Apple has been putting actual dollars into making Safari and the underlying open source WebKit really, really fast. Safari 3 is significantly faster than Safari 2. There was another big speed boost after Safari 3.0.

Considering that the iPhone is much, much slower than the computers that Apple sells, squeezing more performance out of the browser will have a far greater visible impact on an iPhone than it would on a Mac (Dylan has an article about how Comet can improve iPhone browser performance, and Jason explained how Dojo Offline helps). Plus, current non-Apple (non-jailbreaked) iPhone applications are all web-based, and you’ll be able to use web techniques to make iPhone apps using the new SDK (just like Dashboard widgets). Boosting WebKit performance will speed up all of these.

As an iPhone user, I find that Safari works great with light, iPhone-optimized pages. Load up a more complex page, like CNN.com, and the page comes up slowly even over wifi. Apple’s handy User Agent Matrix gives us some clues that performance improvements are still on their way to the iPhone:

Platform Version Listed Safari Version WebKit Build
iPhone 1.0 3.0 420+
iPhone 1.1.2 3.0 420.1
MacOS 10.4.10 2.0.4 419.3
MacOS 10.5.1 3.0.4 523.10.3
MacOS 10.5.1 3.1 525.13

From those version numbers, it looks like the iPhone’s Safari sits somewhere between the Safari 2.0 and 3.0 that we know and love on the desktop. The WebKit developers have made significant advances since then, so I can’t wait to see how that translates into the user experience on the phone.

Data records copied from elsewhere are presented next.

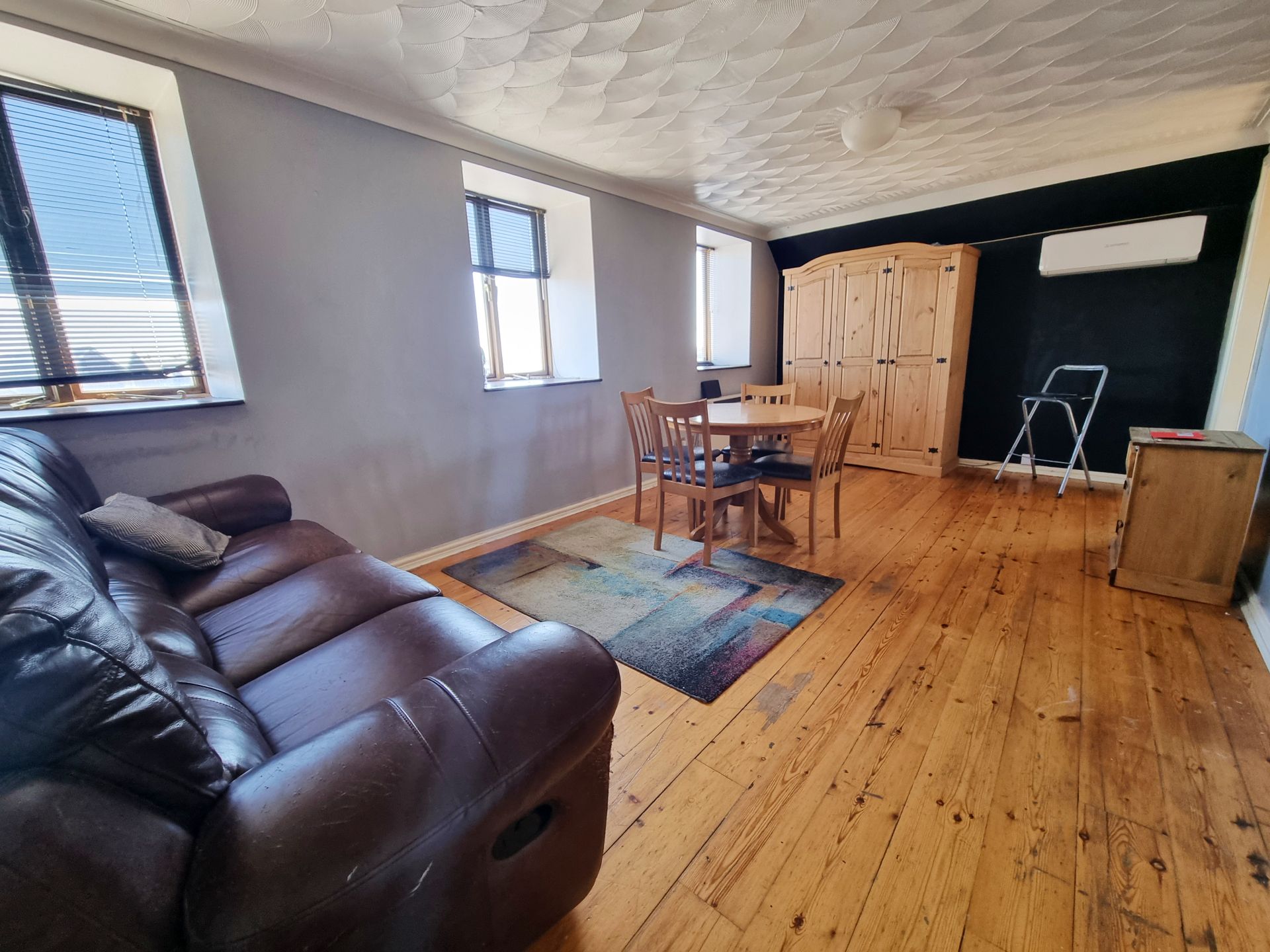 3 bedroom Apartment To Let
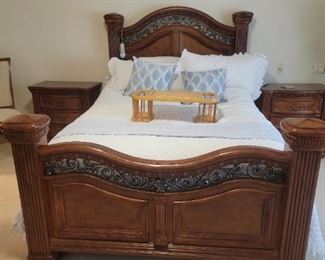 FLEXSTEEL WYNWOOD SERIES BEDROOM SUITE,  FULL/QUEEN BED FRAME, DRESSER/MIRRER, CHEST, 2 NIGHT STANDS AND ARMOIRE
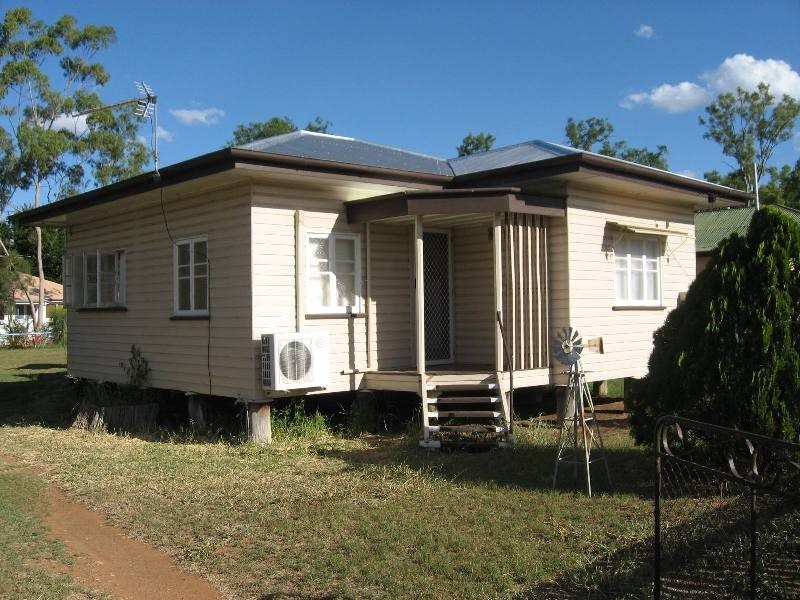 34 Wambo Street, Chinchilla QLD 4413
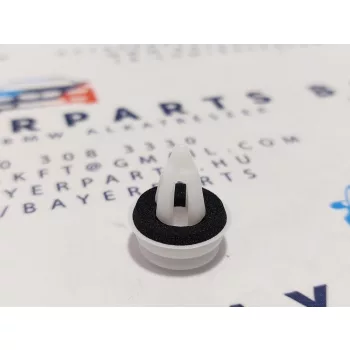   BMW E82 F20 E46 E90 E91 E92 E93 F30 F32 E60 F07 F01 F06 F01 X1 X3 X4 X5 X6 Z4 stb. ajtókárpit gyári patent klipsz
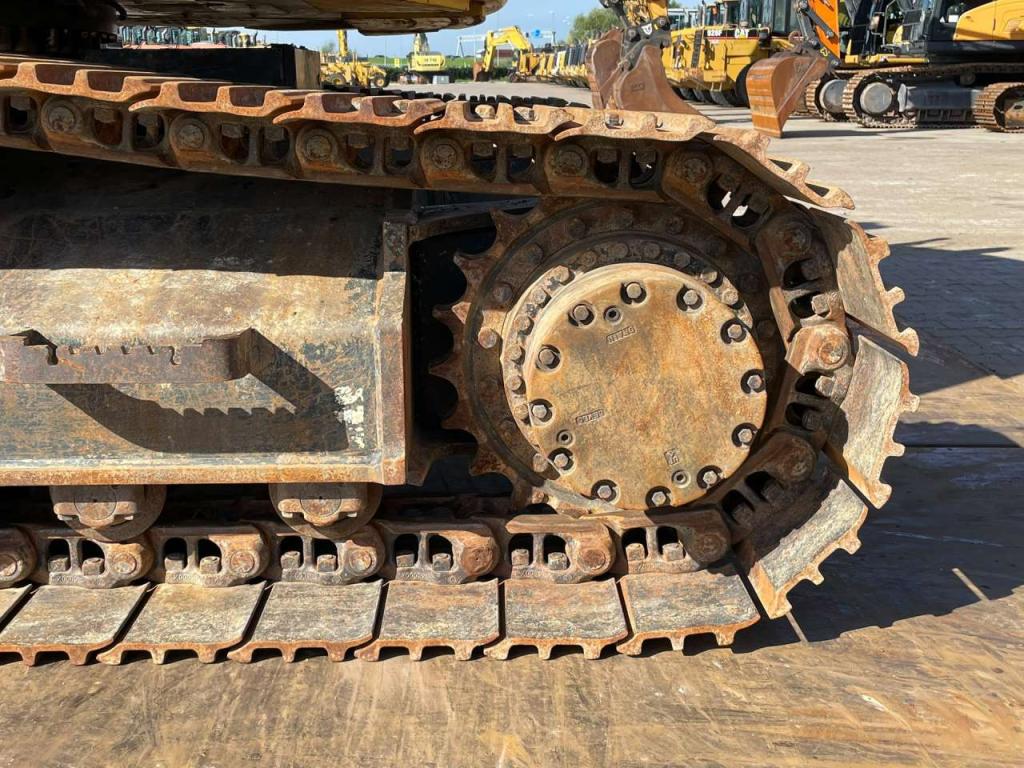 Hitachi ZX225USLC-6 Foto 14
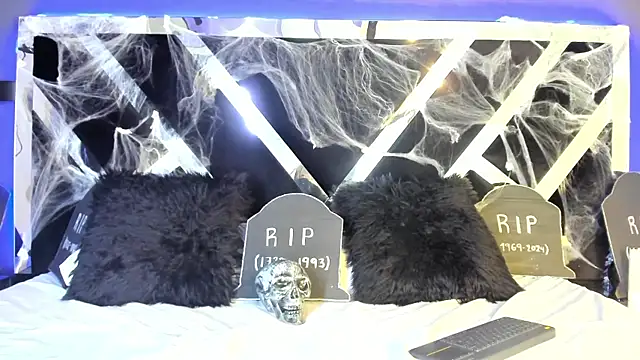 AliDiaz  online show from October 27, 7:22 pm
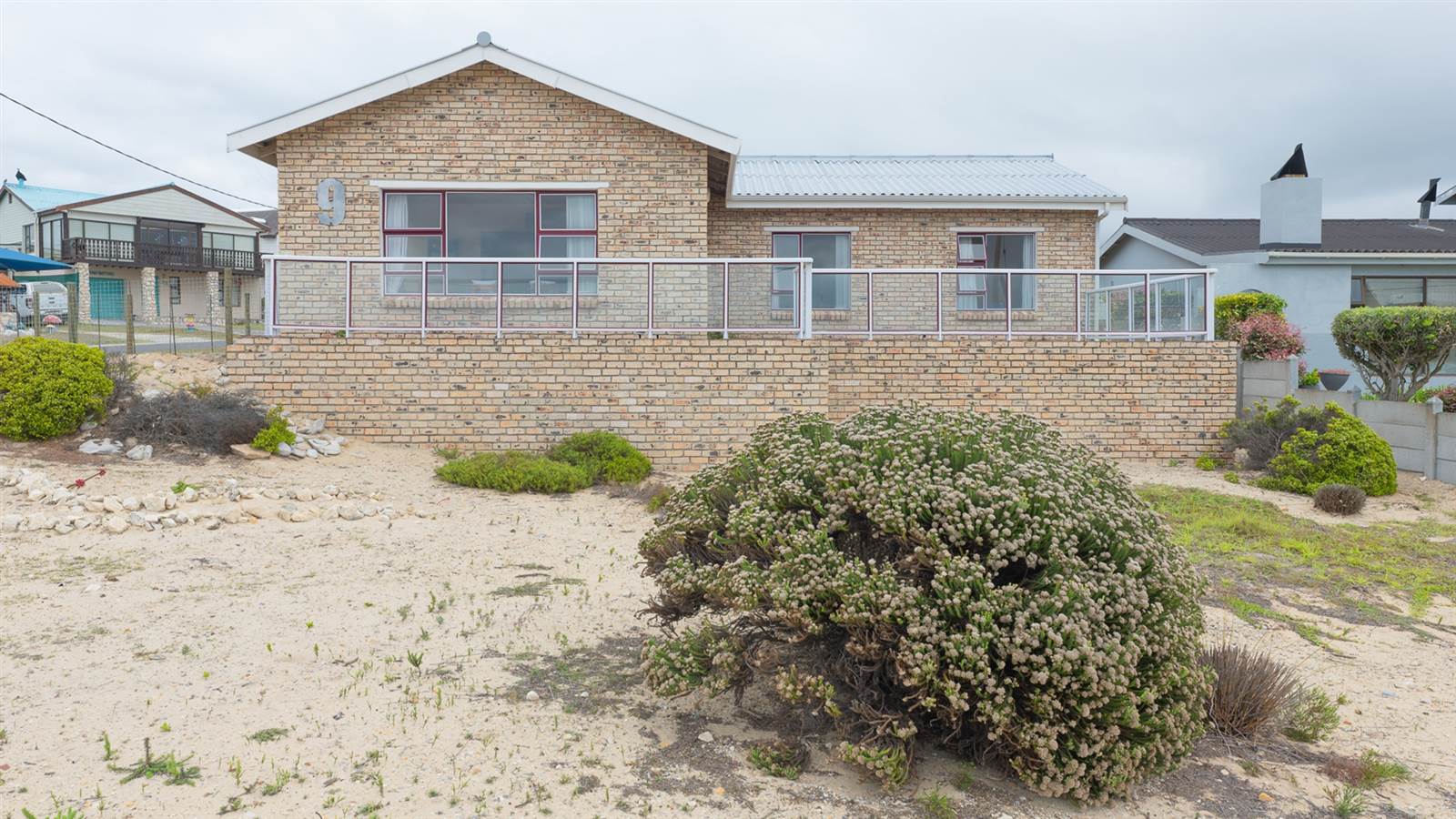 3 Bed House in Struisbaai photo number 1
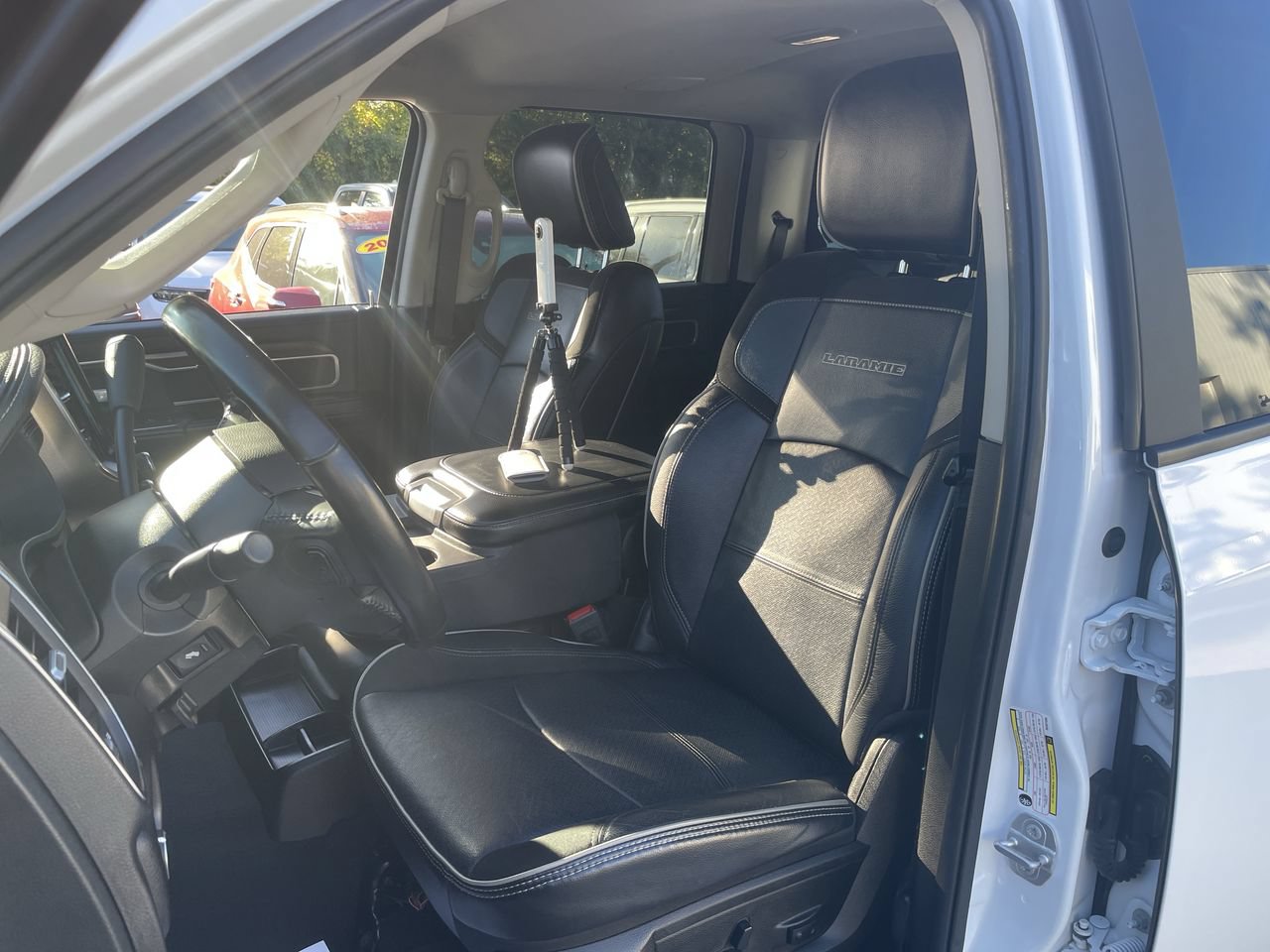 Used 2024 RAM 2500 Laramie w/ Safety Group AWD/4WD image 11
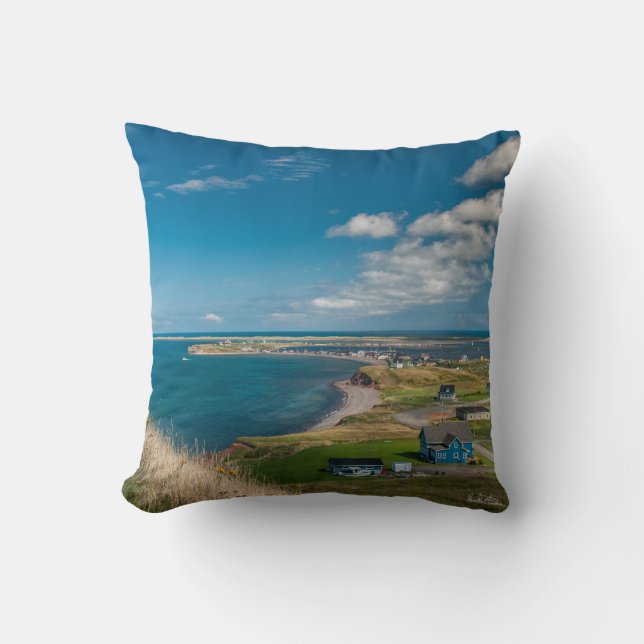 Coussin petit village sur le bord de la mer throw pillow (Front)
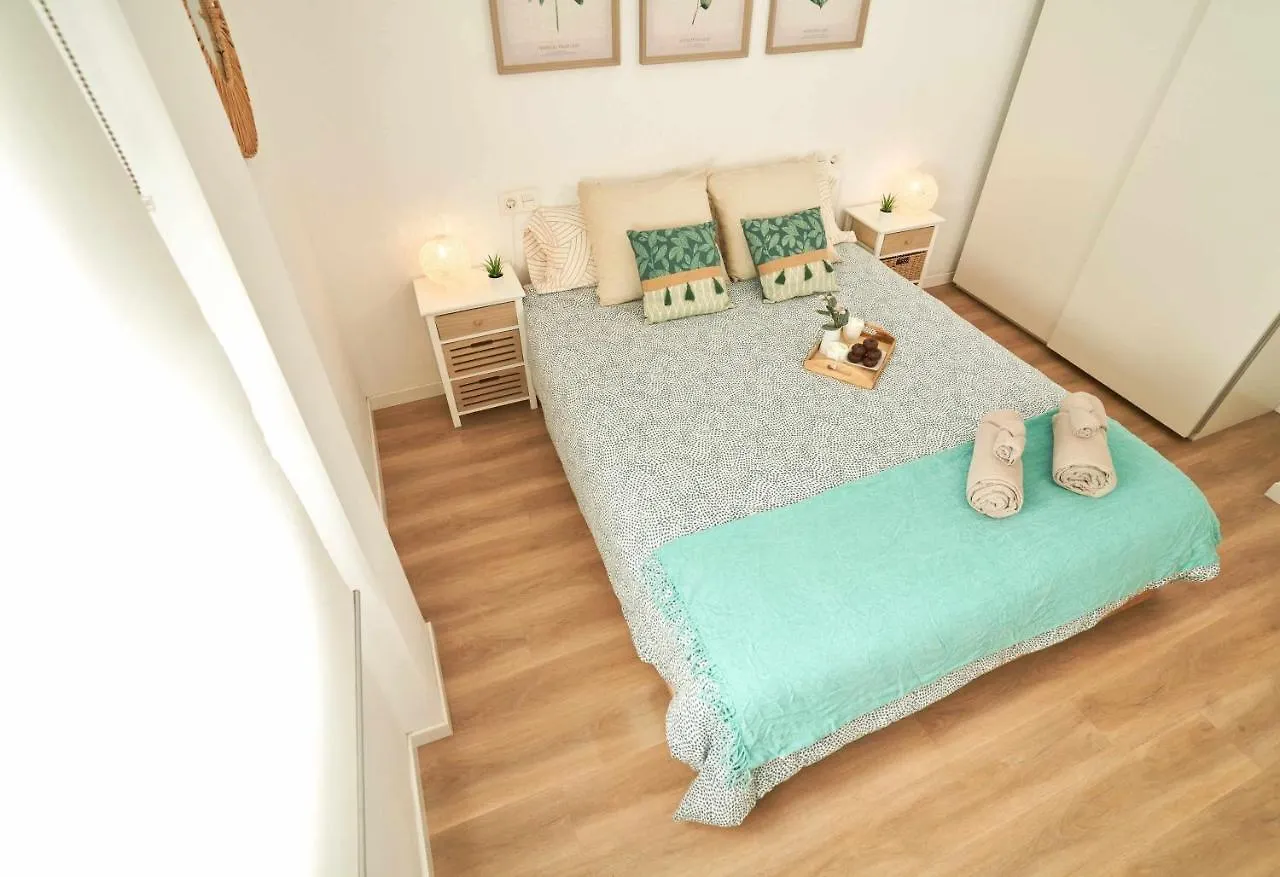 Apartamento acceso directo playaACwifiterraza by Rinconesmediterraneos L'Eucaliptus España
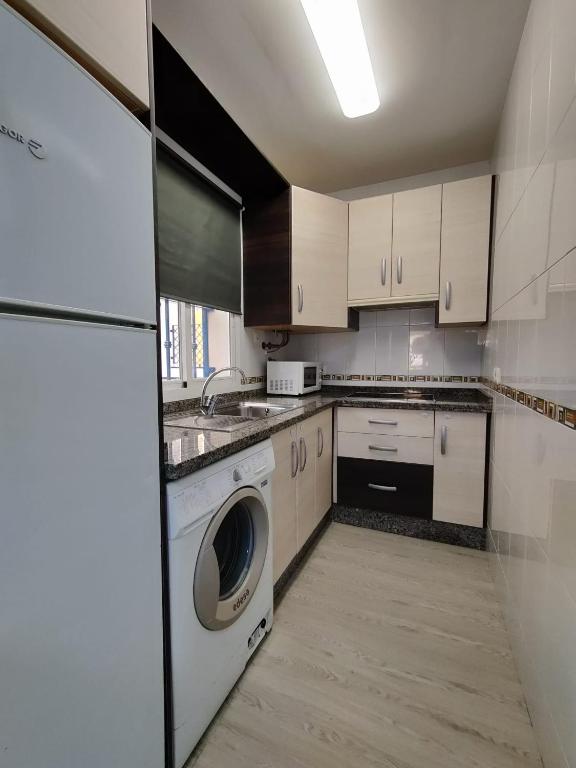 Kuchyň nebo kuchyňský kout v ubytování Precioso apartamento con piscina cerca de la playa TORROX COSTA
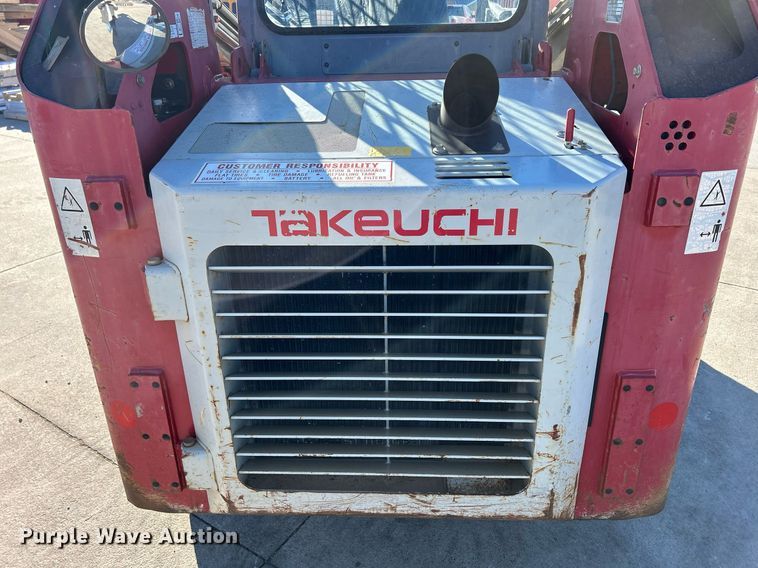 image for item DQ1046 2012 Takeuchi TL240  tracked skid steer loader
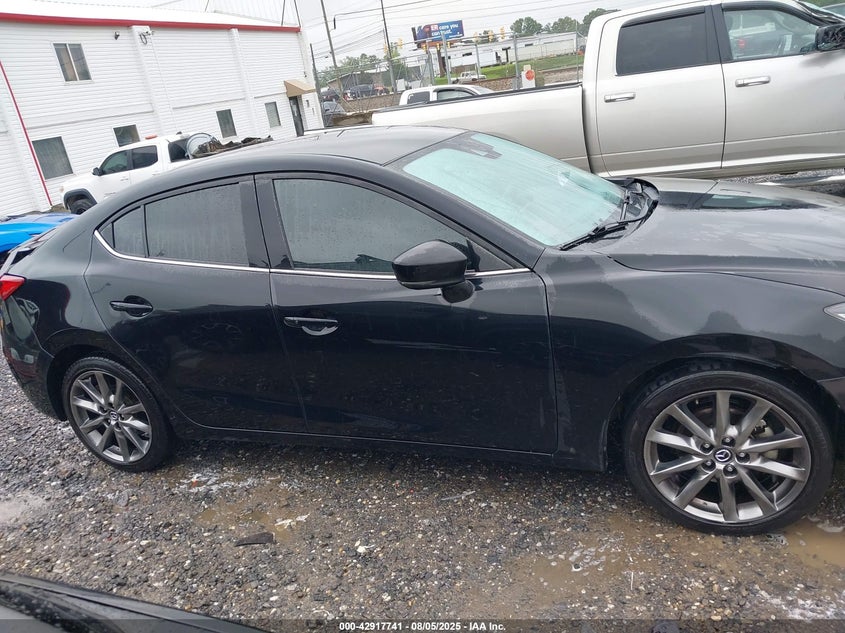 2018 MAZDA MAZDA3 TOURING - 3MZBN1V36JM216790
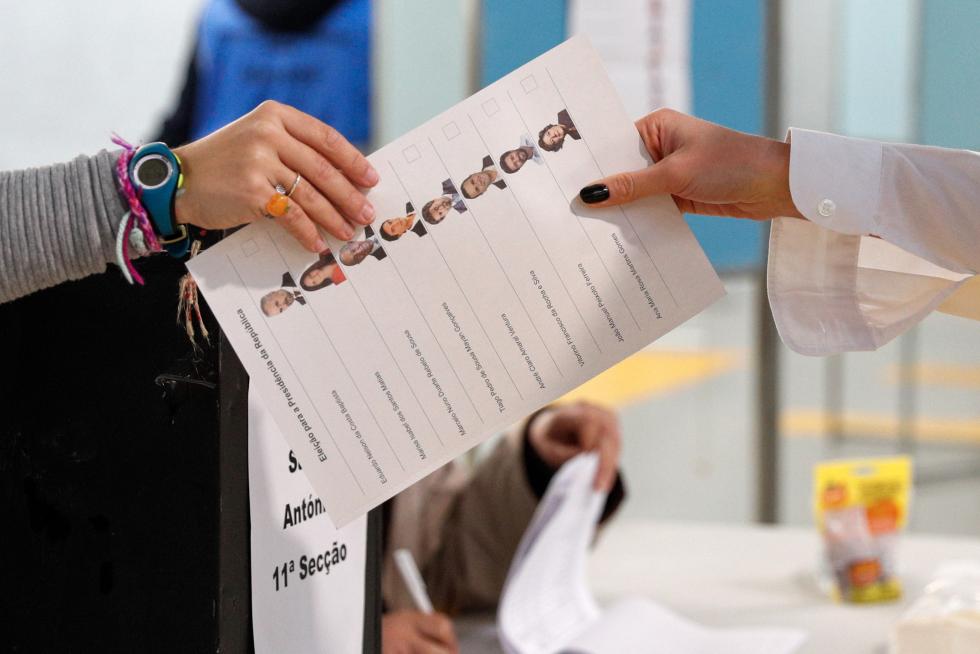 Lisboa (Portugal), 24/01/2021.- Presidential candidate Ana Gomes casts her ballot at a voting station during the presidential elections in Cascais, Portugal, 24 January 2021. According to reports, COVID-19 fatalities in Portugal, which now stand over 10,000, could play a major role in low voter turnout in the 2021 presidential elections. Portugal is currently under a second national lockdown, to quell the widespread of COVID-19. (Elecciones) EFE/EPA/TIAGO PETINGA Presidential elections in Portugal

And now we see that blog post that talks about optimizing page loading times with particular attention to the effect of latency. Latency is high on the EDGE network. While the iPhone+EDGE combo has limited bandwidth, I would be surprised if this doesn’t improve the iPhone browsing experience some.

Of course, Apple has also been investing in making WebKit among the most standards-compliant browsers. That just implies that they’re trying to make the best browser they can, maybe because having a browser with millions of users is a decent-sized business. But continuing to try to squeeze even more performance out of an already fast browser seems to benefit the iPhone most of all.